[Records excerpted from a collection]

--- START ---

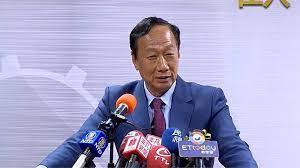 提起台灣首富王永慶，幾乎無人不曉。他把台塑集團推進到世界化工業的前 50 名。 而在創業初期，他做的還只是賣米的小本生意。 早年因家貧讀不起書，只好去做買賣。 16 歲的王永慶從老家來到嘉義開一家米店。那時小小的嘉義已有米店近 30 家，競爭非常激烈。 å°ç£é¦–å¯Œæ›äºº 2021æœ€æœ‰éŒ¢æ˜¯ ç¥žç§˜éž‹çŽ‹ æ°'è¦–æ–°èžç¶² Line Today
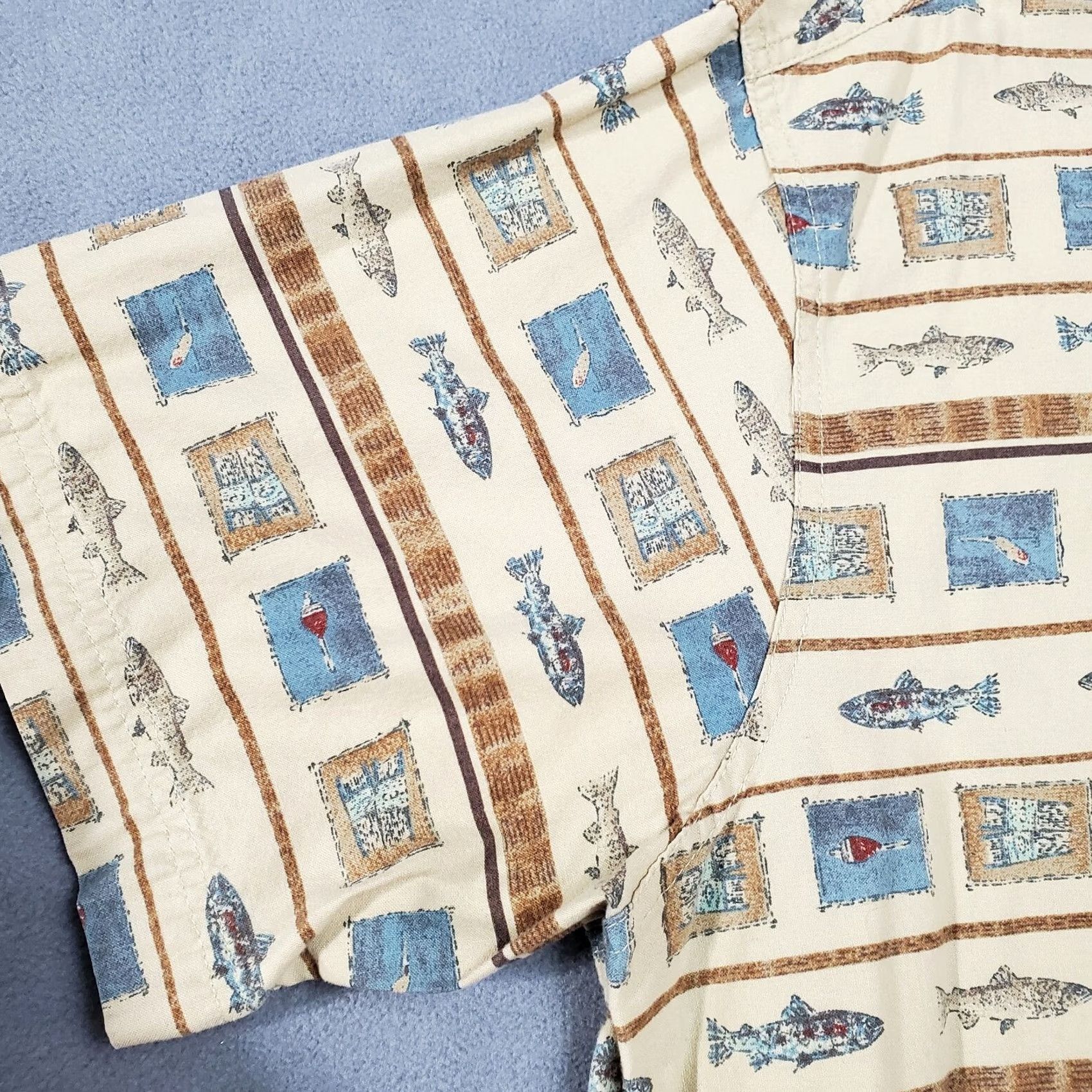 Vintage Woolrich Shirt Mens 2XL Beige Fish Lures All Over Print Fishing Short Sleeve Button-Up Collared Casual Outdoors Mens Size US XXL / EU 58 / 5 - 2 Thumbnail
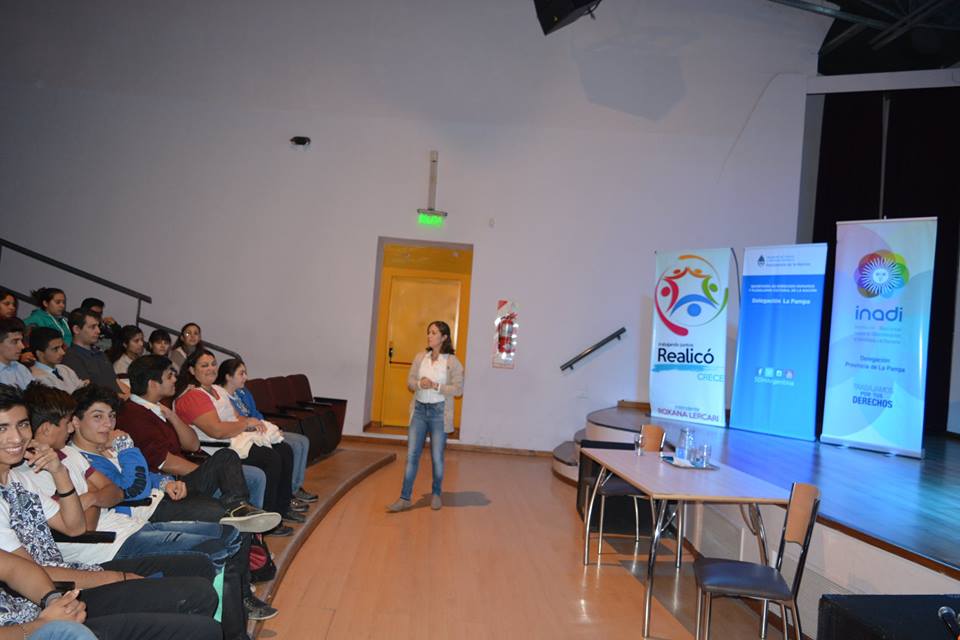 33357378_1962622547103599_8270547586780233728_n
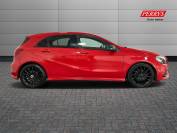 MERCEDES-BENZ A CLASS 2018 (18)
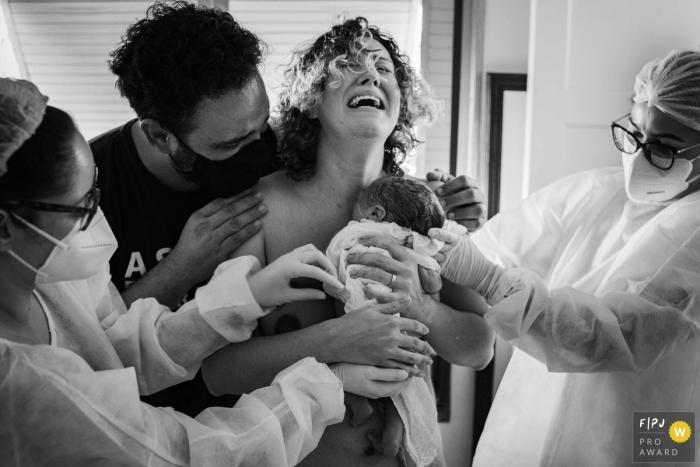 Photo by: <a href="https://www.fpja.com/documentary-family-photography-contests/clara-sampaio/rio-de-janeiro/2111696">Clara Sampaio - Brazil</a> Rio de Janeiro at home birth photography showing the thrill of having your child in your arms for the first time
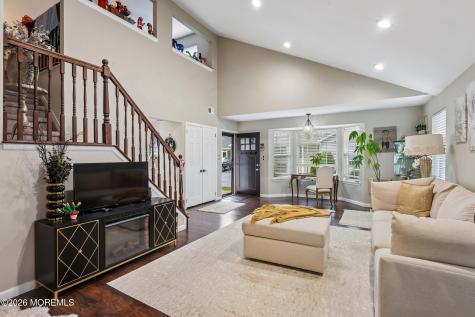 81 Farnworth Close Freehold NJ 07728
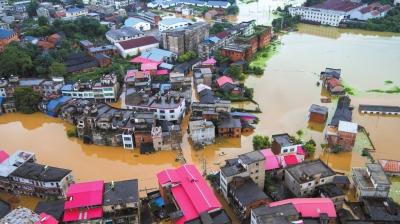 长江现最强降雨 安徽69处圩口溃破转移54万人 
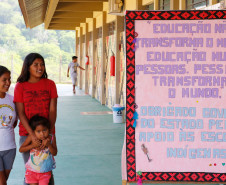 A Secretaria de Estado da Educação, por meio da Coordenação de Educação do Campo, Indígena e Cigana regulamentará a oferta da Língua Indígena nas comunidades que não possuem escola regular. Os alunos terão suas matrículas e históricos escolares registrados em uma escola base indígena próxima a comunidade em que vivem.
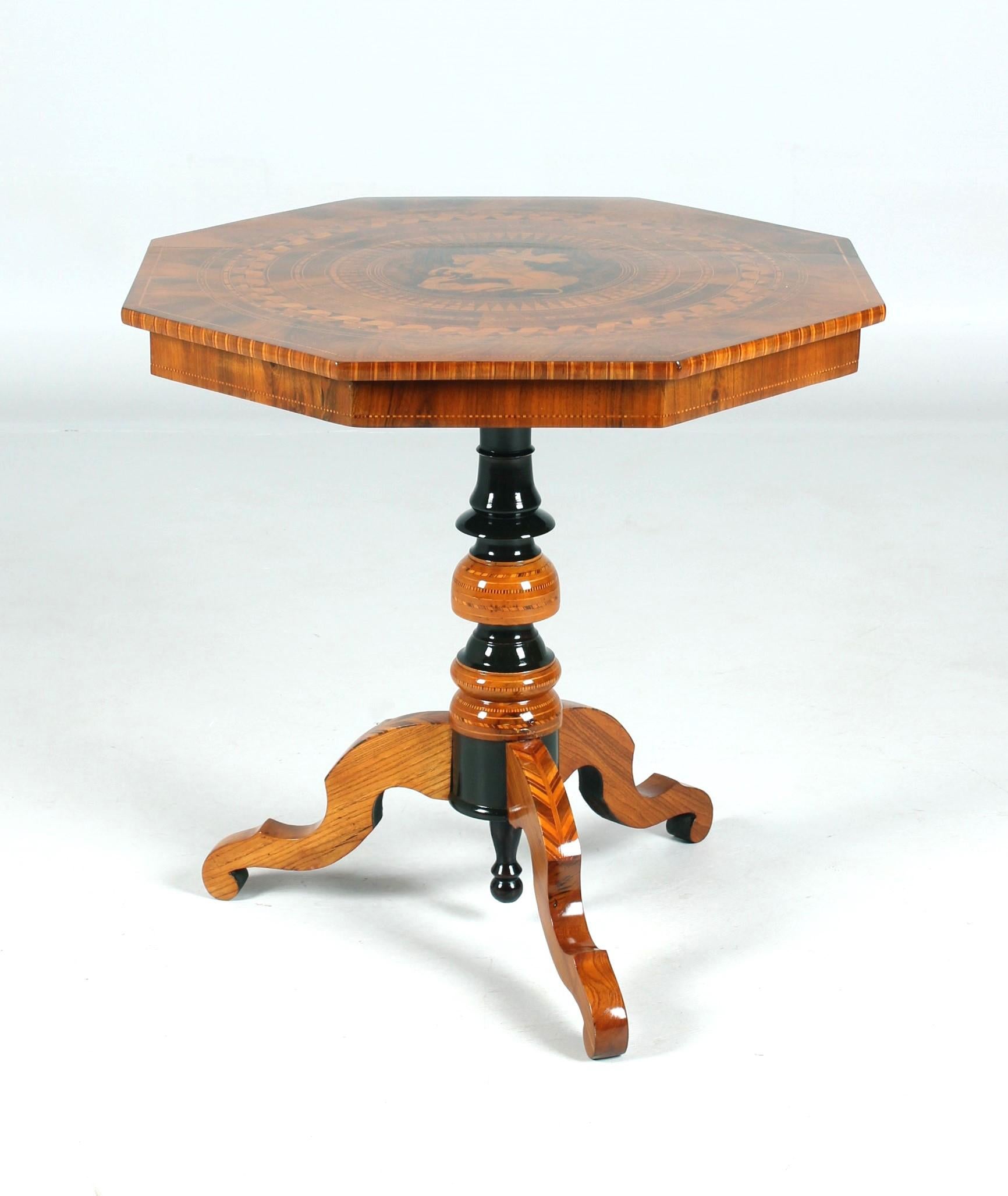 Late 19th Century Sorrento Marquetry Table, Holy George, Italy, circa 1880 In Good Condition In Greven, DE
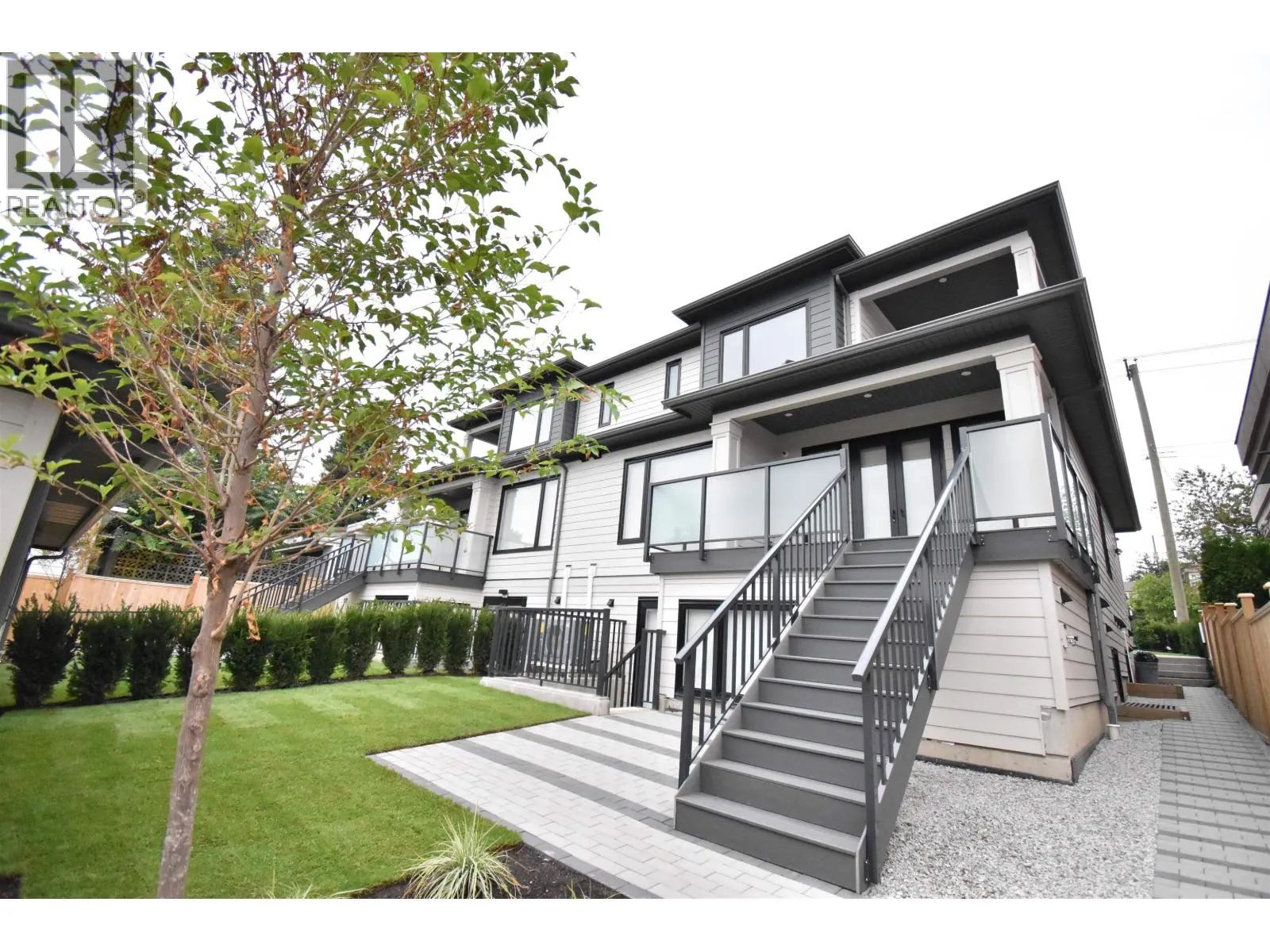 6252 KITCHENER STREET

--- END ---

* _Exercise directions_
Make an exact copy of the records above. Keep out every picture.

* _Finished task_
 提起台灣首富王永慶，幾乎無人不曉。他把台塑集團推進到世界化工業的前 50 名。 而在創業初期，他做的還只是賣米的小本生意。 早年因家貧讀不起書，只好去做買賣。 16 歲的王永慶從老家來到嘉義開一家米店。那時小小的嘉義已有米店近 30 家，競爭非常激烈。 å°ç£é¦–å¯Œæ›äºº 2021æœ€æœ‰éŒ¢æ˜¯ ç¥žç§˜éž‹çŽ‹ æ°'è¦–æ–°èžç¶² Line Today
 Vintage Woolrich Shirt Mens 2XL Beige Fish Lures All Over Print Fishing Short Sleeve Button-Up Collared Casual Outdoors Mens Size US XXL / EU 58 / 5 - 2 Thumbnail
 33357378_1962622547103599_8270547586780233728_n
 MERCEDES-BENZ A CLASS 2018 (18)
 Photo by: <a href="https://www.fpja.com/documentary-family-photography-contests/clara-sampaio/rio-de-janeiro/2111696">Clara Sampaio - Brazil</a> Rio de Janeiro at home birth photography showing the thrill of having your child in your arms for the first time
 81 Farnworth Close Freehold NJ 07728
 长江现最强降雨 安徽69处圩口溃破转移54万人 
 A Secretaria de Estado da Educação, por meio da Coordenação de Educação do Campo, Indígena e Cigana regulamentará a oferta da Língua Indígena nas comunidades que não possuem escola regular. Os alunos terão suas matrículas e históricos escolares registrados em uma escola base indígena próxima a comunidade em que vivem.
 Late 19th Century Sorrento Marquetry Table, Holy George, Italy, circa 1880 In Good Condition In Greven, DE
 6252 KITCHENER STREET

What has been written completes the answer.